__Your instructions__:
Below this line are records; write out exactly the lines from the one containing "[NS Eyes] SF-No.191 Marumi Ogawa 小川まるみ 写真集33" through the one containing "Chevrolet Bel Air från 1957", with the pictures left out.

__Supplied material__:
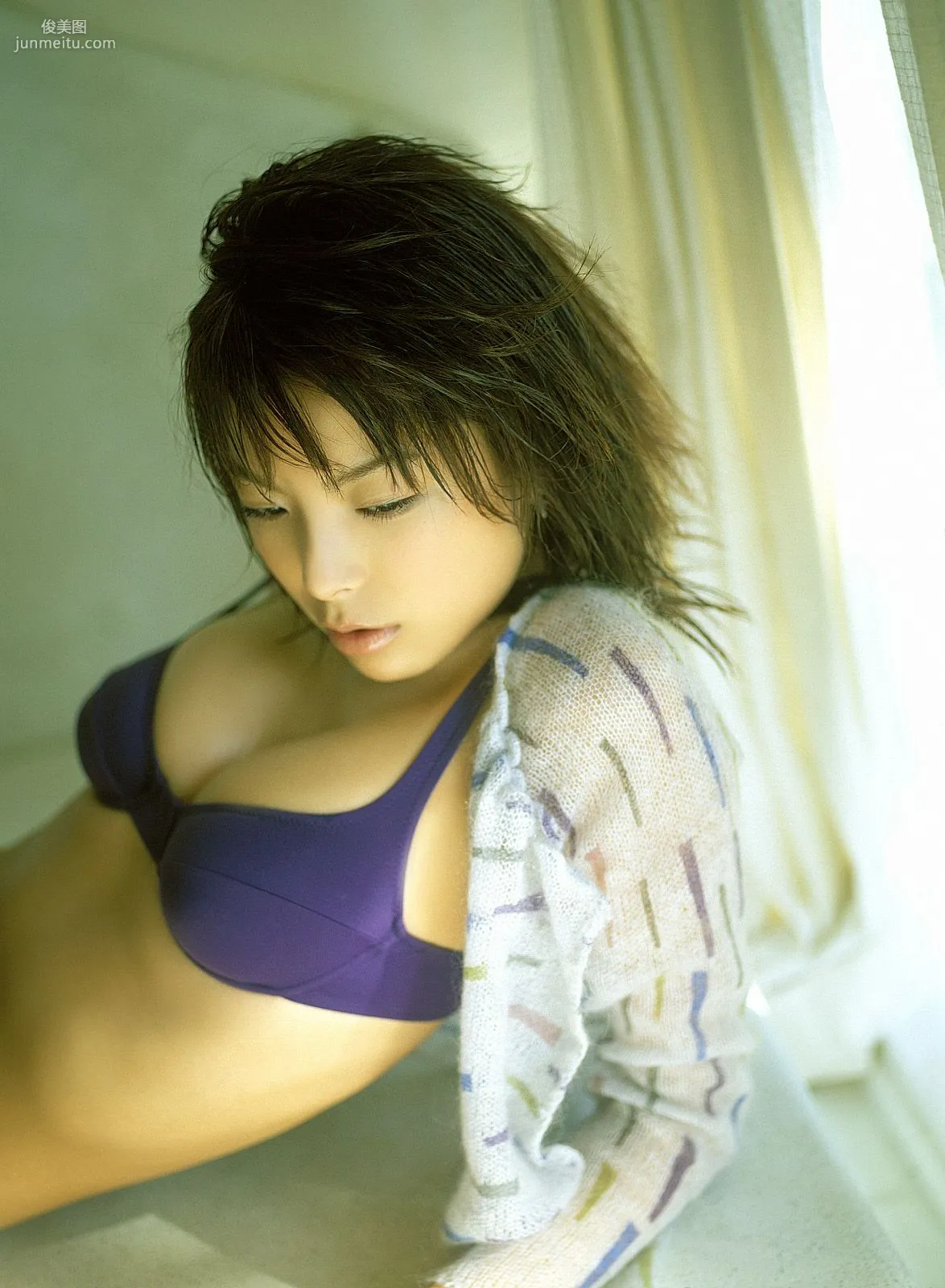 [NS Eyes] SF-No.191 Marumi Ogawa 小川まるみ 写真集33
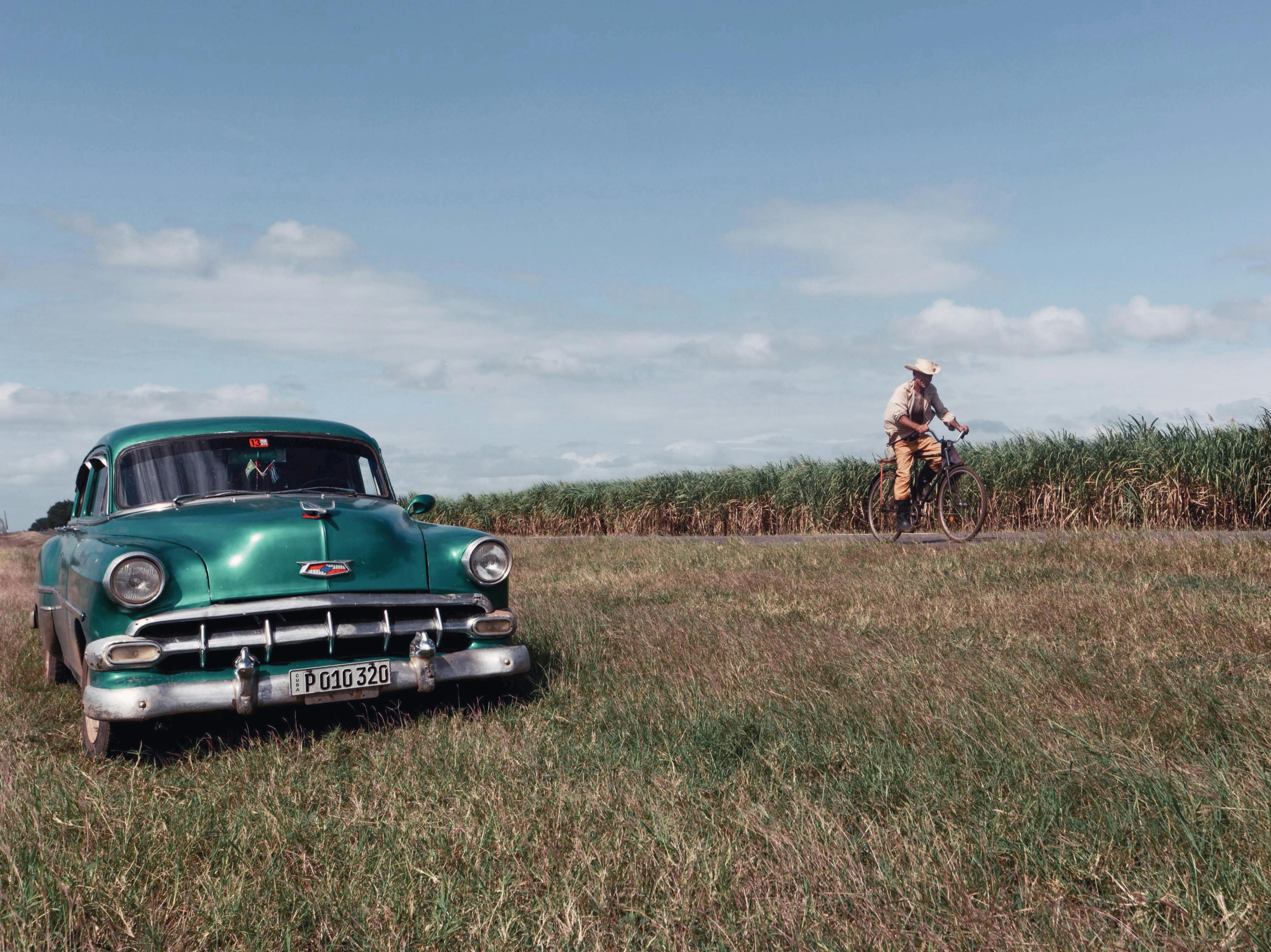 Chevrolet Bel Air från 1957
--
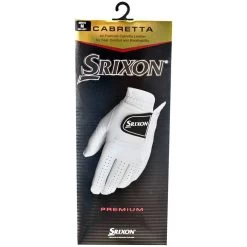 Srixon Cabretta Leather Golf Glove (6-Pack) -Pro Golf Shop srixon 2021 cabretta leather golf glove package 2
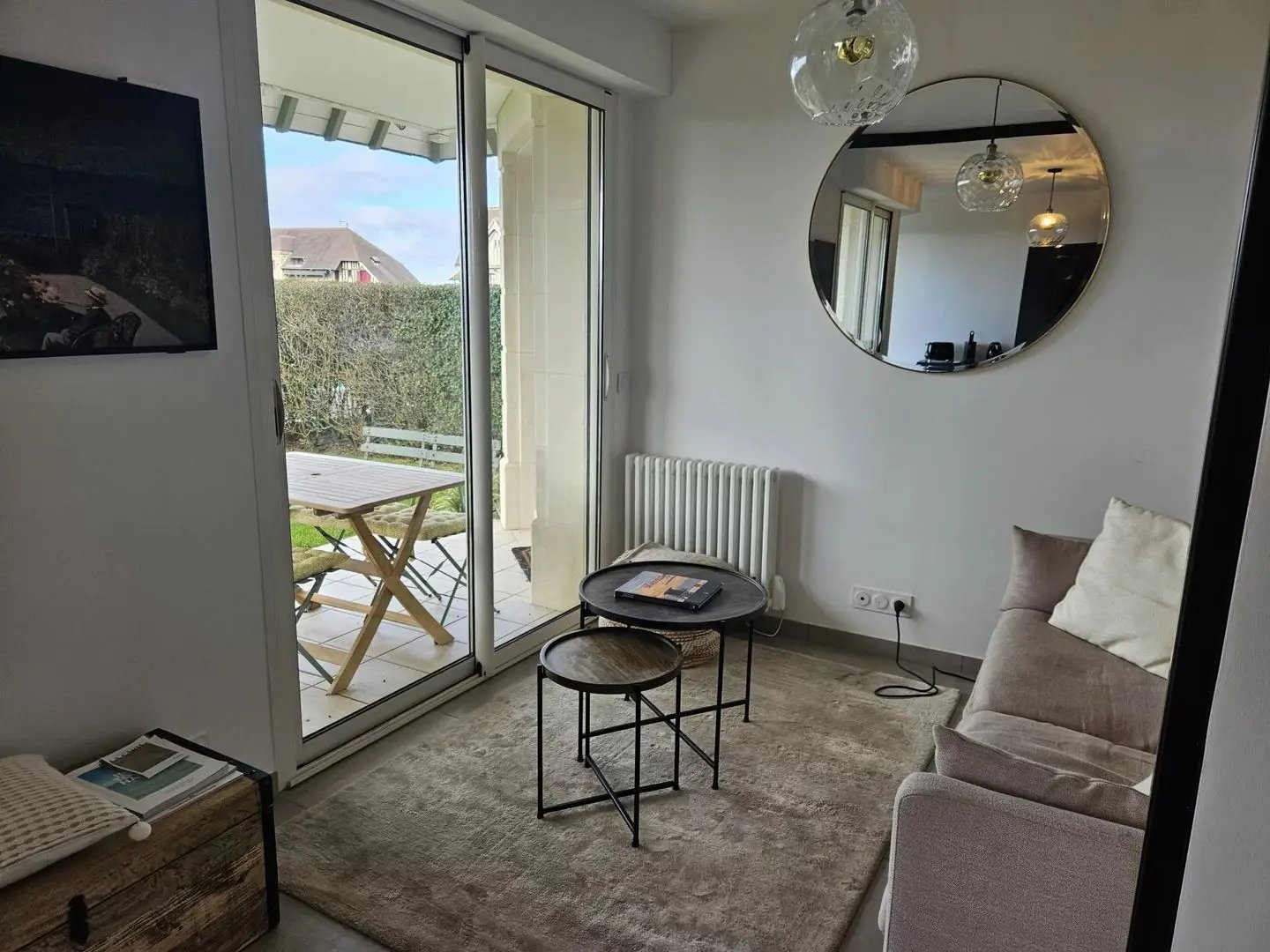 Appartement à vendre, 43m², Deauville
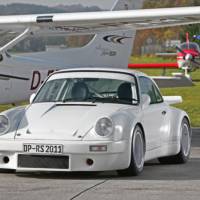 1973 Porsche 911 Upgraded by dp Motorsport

__Task response__:
 [NS Eyes] SF-No.191 Marumi Ogawa 小川まるみ 写真集33
 Chevrolet Bel Air från 1957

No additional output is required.